This page describes useful techniques for debugging re-frame's event handlers.

Event handlers are quite central to a re-frame app. Only event handlers can update app-db, to "step" an application "forward" from one state to the next.

The debug Interceptor

You might wonder: is my handler making the right changes to the value in app-db? Does it remove that entry? Does it increment that value?

During development, the built-in debug interceptor can be helpful in this regard. It shows, via console.log:

  1. the event being processed, for example: [:attempt-world-record true]
  2. the changes made to db by the handler in processing the event.

Regarding point 2, debug uses clojure.data/diff to compare the state of db before and after the handler ran.
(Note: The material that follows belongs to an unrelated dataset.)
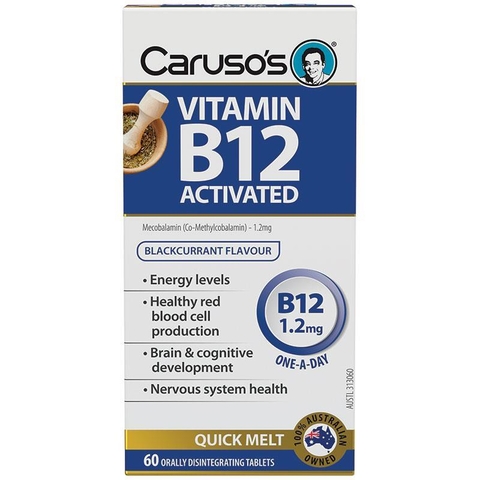 Caruso's Vitamin B12 Activated 1200mcg lozenges 60 tablets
If you look at the docs, you'll notice that diff returns a triple, the first two of which are displayed by debug in console.log (the 3rd says what hasn't changed and isn't interesting).

Interceptors

So, now we have two middlewares to put on every handler: debug and log-ex.

At the top of our handlers.cljs we might define:

(def standard-middlewares  [log-ex debug])

And then include this standard-middlewares in every handler registration below:

(register-handler 
    :some-id
    standard-middlewares      ;;  <----  here!
    some-handler-fn)

No, wait. I don't want this debug middleware hanging about in my production version, just at develop time. And we still need those runtime exceptions going to airbrake.

So now, we make it:

(def standard-middlewares [ (if ^boolean goog.DEBUG log-ex log-ex-to-airbrake) 
                            (when ^boolean goog.DEBUG debug)]) 

Ha! I see a problem, you say. In production, that when is going to leave a nil in the vector. No problem. re-frame filters out nils.

Ha! Ha! I see another problem, you say. Some of my handlers have other middleware. One of them looks like this:

(register-handler 
    :ev-id
    (path :todos)       ;;  <-- already has middleware
    todos-fn)

How can I add this standard-middlewares where there is already middleware?

Like this:

(register-handler 
    :ev-id
    [standard-middlewares (path :todos)]       ;;  <--  put both in a vector
    todos-fn)

But that's a vector in a vector? Surely, that a problem?. Actually, no, re-frame will flatten any level of vector nesting, and remove nils before composing the resulting middleware.

3. Checking DB Integrity

I'd recommend always having a schema for your app-db, specifically a Prismatic Schema. If ever herbert is ported to clojurescript, it might be a good candidate too but, for the moment, a Prismatic Schema.

Schemas serve as invaluable documentation, plus ...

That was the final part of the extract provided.